Reflective Teaching Methods at Schools for English Teachers’ Professional Development (International Turkish Private Schools)

Ekaterine PIPIA, Tamar SHARASHENIDZE-SOYUCOK

Abstract


The aim of the study was to find out the most applicable reflective teaching methods for English language teachers in Georgia and Muslim countries.  The study tends to identify the general English language teaching tendencies and stresses the teaching discrepancies for Muslim countries. These peculiarities are analyzed to provide a clear-cut picture of reflective teaching practices, possible changes and desirable improvements, which would be different for Georgia and Muslim countries (Egypt, Turkey and Yemen). The data obtained from one survey showed that school administration supports teacher development, including via reflective teaching. Another survey, conducted in Egypt, Turkey and Yemen regarding the cultural and gender issues in designing reflective teaching practices, showed that the majority of teachers prefer to be involved in collaborative group work, rather than being observed by a peer due to Muslim cultural traditions concerning gender relations.

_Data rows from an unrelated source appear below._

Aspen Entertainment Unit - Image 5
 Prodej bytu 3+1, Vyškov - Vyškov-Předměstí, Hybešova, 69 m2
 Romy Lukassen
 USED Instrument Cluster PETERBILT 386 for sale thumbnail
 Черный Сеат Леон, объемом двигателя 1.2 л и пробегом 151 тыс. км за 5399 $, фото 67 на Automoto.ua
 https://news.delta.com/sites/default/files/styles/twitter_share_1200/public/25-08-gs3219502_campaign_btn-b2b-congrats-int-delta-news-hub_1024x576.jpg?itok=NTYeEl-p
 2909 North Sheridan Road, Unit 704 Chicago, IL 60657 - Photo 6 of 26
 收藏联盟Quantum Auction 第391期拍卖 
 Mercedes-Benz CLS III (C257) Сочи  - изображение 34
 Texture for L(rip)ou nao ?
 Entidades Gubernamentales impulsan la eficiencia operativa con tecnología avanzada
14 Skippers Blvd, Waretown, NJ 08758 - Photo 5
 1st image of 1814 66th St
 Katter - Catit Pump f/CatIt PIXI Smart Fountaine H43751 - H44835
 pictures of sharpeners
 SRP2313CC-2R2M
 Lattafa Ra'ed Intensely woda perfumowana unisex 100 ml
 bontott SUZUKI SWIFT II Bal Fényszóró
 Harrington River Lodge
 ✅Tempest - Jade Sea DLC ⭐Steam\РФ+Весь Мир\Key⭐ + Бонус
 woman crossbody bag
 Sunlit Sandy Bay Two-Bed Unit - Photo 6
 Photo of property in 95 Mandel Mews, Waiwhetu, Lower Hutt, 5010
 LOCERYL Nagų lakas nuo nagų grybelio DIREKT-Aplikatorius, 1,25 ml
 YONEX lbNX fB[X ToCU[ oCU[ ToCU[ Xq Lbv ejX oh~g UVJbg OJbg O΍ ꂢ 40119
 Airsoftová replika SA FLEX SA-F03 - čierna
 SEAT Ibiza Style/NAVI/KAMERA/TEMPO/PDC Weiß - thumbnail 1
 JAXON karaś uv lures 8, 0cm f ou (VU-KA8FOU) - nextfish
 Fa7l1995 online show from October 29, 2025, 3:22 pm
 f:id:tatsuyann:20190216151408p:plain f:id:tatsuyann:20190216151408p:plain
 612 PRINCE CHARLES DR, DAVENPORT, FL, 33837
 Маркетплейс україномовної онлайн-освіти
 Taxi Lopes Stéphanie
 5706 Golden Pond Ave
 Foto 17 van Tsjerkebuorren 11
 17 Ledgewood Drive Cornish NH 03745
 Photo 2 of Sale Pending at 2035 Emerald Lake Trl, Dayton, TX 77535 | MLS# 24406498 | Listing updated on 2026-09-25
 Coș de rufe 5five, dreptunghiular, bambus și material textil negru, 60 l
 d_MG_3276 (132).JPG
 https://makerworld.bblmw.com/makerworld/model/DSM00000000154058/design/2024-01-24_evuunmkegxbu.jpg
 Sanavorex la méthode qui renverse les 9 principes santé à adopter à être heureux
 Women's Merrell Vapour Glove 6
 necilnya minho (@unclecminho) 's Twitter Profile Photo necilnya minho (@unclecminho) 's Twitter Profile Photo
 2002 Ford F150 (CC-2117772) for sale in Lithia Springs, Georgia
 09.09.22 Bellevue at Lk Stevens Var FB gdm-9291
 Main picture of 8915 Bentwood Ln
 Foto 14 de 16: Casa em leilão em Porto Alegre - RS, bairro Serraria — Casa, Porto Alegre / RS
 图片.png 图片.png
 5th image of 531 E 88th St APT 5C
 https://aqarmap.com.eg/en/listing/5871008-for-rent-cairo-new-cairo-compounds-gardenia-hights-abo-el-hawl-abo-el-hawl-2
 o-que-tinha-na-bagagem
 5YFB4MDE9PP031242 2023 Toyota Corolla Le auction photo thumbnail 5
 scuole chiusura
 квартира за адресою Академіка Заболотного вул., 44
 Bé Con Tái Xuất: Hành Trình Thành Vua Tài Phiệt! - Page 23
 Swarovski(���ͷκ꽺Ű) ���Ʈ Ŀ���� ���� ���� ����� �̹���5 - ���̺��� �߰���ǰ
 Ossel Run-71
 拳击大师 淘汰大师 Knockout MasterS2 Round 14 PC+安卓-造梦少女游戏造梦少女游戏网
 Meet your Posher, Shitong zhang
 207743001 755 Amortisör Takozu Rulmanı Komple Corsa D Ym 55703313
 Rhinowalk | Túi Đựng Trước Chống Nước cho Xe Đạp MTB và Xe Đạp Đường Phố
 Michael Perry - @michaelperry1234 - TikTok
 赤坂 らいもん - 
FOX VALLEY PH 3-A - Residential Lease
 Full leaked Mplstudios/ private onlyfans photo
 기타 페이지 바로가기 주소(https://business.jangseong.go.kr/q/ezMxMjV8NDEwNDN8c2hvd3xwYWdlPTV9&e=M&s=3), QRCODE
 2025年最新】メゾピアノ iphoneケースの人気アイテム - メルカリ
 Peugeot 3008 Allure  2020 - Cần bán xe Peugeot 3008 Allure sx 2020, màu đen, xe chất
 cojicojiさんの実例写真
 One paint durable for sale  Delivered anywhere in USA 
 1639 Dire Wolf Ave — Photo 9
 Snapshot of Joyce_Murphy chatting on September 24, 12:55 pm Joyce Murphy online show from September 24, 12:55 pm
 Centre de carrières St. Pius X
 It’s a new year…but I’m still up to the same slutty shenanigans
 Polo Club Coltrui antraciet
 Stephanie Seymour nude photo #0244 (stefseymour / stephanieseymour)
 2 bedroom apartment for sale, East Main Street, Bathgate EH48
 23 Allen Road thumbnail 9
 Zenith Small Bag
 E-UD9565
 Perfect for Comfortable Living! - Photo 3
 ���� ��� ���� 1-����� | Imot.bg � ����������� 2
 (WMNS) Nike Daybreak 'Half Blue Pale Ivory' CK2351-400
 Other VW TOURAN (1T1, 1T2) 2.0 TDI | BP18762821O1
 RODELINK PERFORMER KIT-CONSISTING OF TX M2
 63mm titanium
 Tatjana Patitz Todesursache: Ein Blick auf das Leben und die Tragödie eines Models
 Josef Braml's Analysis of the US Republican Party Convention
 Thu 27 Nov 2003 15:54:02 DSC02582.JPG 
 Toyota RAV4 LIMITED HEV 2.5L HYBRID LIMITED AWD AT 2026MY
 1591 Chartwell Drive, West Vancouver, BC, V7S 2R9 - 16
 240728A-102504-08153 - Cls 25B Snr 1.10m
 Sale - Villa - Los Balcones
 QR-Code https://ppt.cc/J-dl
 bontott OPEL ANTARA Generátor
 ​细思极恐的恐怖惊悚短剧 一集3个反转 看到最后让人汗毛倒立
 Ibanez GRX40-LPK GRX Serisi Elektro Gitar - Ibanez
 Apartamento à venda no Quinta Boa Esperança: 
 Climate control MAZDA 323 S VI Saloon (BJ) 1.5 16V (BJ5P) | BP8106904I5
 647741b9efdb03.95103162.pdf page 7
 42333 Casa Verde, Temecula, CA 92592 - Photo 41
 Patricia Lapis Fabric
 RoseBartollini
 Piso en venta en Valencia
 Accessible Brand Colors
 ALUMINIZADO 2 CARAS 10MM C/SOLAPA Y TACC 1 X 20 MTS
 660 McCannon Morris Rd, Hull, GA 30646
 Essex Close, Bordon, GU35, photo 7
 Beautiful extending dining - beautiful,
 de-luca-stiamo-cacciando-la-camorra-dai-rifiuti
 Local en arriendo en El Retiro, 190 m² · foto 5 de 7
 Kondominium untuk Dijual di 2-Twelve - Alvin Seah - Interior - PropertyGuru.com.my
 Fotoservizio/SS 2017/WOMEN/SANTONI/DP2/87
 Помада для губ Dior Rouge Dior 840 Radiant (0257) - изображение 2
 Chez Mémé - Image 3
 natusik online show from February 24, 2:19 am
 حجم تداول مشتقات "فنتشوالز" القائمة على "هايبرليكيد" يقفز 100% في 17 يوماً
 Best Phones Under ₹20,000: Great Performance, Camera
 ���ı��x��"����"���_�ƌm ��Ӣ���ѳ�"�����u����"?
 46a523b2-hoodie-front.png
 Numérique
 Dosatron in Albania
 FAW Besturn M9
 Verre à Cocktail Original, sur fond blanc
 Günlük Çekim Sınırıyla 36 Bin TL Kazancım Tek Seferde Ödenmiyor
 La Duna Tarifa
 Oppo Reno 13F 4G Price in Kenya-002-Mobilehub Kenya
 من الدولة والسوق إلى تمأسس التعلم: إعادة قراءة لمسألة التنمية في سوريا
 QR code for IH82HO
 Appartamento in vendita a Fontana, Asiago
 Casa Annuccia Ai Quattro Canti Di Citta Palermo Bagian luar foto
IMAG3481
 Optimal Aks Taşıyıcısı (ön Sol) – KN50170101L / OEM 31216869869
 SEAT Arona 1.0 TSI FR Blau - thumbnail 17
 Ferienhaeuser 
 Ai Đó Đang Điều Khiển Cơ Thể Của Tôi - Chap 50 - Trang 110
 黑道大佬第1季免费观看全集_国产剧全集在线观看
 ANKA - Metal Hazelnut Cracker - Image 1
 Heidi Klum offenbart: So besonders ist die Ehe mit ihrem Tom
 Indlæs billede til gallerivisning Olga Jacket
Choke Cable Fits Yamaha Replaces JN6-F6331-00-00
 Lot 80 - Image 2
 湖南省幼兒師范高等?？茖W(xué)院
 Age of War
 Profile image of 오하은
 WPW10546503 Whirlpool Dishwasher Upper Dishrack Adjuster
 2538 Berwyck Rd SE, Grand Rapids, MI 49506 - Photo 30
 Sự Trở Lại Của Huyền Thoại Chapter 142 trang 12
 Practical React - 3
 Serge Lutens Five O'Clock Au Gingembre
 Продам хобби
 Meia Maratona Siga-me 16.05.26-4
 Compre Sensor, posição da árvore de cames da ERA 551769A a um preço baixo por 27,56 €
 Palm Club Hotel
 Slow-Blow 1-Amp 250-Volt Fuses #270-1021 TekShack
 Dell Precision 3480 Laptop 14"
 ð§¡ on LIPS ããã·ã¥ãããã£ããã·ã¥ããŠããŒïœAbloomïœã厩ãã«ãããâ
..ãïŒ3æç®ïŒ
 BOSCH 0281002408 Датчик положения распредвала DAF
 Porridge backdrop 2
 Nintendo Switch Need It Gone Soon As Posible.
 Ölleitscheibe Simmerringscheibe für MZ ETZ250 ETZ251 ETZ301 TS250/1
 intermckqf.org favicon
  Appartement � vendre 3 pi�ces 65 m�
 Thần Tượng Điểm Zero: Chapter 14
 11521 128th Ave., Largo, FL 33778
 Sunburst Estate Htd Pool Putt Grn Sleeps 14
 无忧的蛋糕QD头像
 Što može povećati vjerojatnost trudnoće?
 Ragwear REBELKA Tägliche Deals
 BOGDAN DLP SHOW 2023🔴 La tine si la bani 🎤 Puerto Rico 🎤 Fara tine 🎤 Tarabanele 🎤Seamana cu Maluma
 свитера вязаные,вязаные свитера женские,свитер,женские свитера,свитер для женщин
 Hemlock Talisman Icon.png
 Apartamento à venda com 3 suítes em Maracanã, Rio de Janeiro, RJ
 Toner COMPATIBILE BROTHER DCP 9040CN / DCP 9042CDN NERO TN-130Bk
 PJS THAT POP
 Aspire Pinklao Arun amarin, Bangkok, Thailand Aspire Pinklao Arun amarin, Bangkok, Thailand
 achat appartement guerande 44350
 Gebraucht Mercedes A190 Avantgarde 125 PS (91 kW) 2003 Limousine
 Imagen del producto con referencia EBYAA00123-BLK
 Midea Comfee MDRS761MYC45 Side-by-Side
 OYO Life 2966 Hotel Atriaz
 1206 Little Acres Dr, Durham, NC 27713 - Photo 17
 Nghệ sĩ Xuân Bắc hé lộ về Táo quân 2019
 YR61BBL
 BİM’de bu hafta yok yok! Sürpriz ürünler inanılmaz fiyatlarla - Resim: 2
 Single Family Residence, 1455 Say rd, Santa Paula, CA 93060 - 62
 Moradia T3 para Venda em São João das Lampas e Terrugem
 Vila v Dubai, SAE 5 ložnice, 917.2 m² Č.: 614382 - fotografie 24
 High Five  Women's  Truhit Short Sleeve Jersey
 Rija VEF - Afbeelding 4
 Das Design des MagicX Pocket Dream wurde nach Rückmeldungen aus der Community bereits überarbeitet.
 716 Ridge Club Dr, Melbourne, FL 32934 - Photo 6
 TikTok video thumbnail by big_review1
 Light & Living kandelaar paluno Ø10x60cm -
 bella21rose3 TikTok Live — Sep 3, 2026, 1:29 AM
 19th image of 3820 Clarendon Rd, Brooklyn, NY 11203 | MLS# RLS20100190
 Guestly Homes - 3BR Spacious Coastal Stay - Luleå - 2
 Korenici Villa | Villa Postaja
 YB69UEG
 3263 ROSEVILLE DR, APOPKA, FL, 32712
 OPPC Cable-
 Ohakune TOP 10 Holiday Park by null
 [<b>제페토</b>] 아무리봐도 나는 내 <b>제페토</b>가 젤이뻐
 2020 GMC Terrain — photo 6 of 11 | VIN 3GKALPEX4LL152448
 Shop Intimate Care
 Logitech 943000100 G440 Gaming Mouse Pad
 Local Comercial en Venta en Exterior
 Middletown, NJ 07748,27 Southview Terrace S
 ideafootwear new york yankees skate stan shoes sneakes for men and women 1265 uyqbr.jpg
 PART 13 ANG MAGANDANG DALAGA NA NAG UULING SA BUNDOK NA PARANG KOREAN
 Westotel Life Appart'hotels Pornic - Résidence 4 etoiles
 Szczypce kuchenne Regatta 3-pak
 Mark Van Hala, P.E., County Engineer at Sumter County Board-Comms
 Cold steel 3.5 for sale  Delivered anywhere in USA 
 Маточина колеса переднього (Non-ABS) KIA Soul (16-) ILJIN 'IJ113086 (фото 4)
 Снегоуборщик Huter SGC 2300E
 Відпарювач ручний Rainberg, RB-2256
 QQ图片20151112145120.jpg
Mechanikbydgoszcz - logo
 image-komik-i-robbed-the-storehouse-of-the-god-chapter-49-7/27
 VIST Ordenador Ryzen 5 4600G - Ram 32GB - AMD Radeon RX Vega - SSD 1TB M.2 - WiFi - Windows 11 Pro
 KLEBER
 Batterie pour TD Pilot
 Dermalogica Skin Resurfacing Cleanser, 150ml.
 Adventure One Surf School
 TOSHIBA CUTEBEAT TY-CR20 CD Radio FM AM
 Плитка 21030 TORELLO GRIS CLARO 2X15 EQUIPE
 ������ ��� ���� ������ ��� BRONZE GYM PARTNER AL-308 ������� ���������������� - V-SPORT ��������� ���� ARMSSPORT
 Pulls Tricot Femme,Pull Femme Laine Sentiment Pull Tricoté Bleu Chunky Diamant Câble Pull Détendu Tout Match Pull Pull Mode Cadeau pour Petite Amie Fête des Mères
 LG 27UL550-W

Both genders avoid peer work, because there is a possibility to stay alone with the opposite gender for the discussions and this might cause some inconveniences. The interview conducted in Georgia showed that teachers do not like cooperative reflective activities. As Georgian teachers of English better liked journal writing and peer observation, the experiment conducted in Georgia dealt with them. It revealed the fact that the mixed model of reflective teaching (peer observation accompanied by journal writing) is more productive for Georgia more than just peer observation.